Overview: Sonoran Desert
Deserts know no political boundaries. The Sonoran
Desert lies in parts of four states in two countries: Sonora and
Baja California in Mexico, and southern Arizona and the southeastern
corner of California in the United States. Due to fuzzy regional
boundaries, the extent and borders of the Sonoran Desert vary
depending on the source. For example, the Arizona-Sonoran Desert
Museum description includes the San Francisco Peaks and Grand
Canyon of Arizona, Baja California and the gulf of California,
and the entire state of Sonora Mexico. In other research and writing
on the Sonoran Desert, only the northeastern corner of Baja California
is included as part of the region. Still, some see the Sonoran
Desert as including the San Diego area of Southern California.
Researchers such as McGinnies (1981) and Turner,
Bowers, and Burgess (1995), however, who define the region by
vegetation type, present a more narrowly defined area. For them,
boundaries are relatively clear in places of sharp changes in
elevation, but less clear in rolling plains. The upper elevational
limit for Sonoran Desert vegetation is approximately 3,100 feet
but may be as high as 4,265 feet on warmer, drier south facing
slopes. Based on vegetation types and early work by Shreve (1951),
these researchers place the northern border at the Mogollon Rim
in Arizona (excluding the northern highlands and San Franciso
Peaks); the eastern boundary just east of Tucson but west of the
Galiuro and Santa Rita Mountains of Arizona and west of the Sierra
Madre in Sonora Mexico; and the western boundary approximately
on a line from Needles to Indio in California thus including the
Salton Sea, but excluding the area around San Diego. The Sonoran
Desert extends south in Sonora almost to the Rio Mayo.

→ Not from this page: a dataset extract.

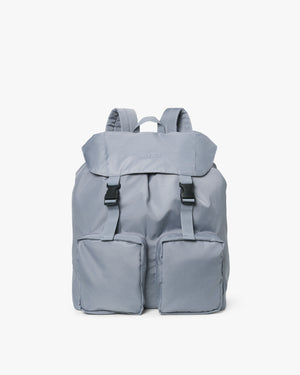 Large Tonal Nylon Backpack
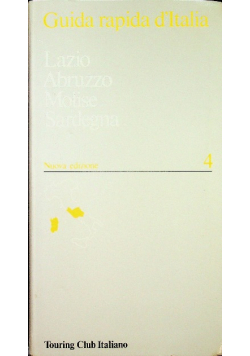 Lazio abruzzo molise sardegna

Most, but
not all of Baja California and Baja Califronia Sur as well as
the Gulf Coast Islands are also included in the Sonoran Desert.
Estimates of the region's size range from approximately
55,000, 87,000, 100,000, to 120,000 square miles. Because this
site includes material that uses Shreve's (1951) delineation of
the Sonoran Desert, the largest area is used. In this case, the
Sonoran Desert is defined as covering 120,000 square miles which
includes the subregion "Foothills of Sonora".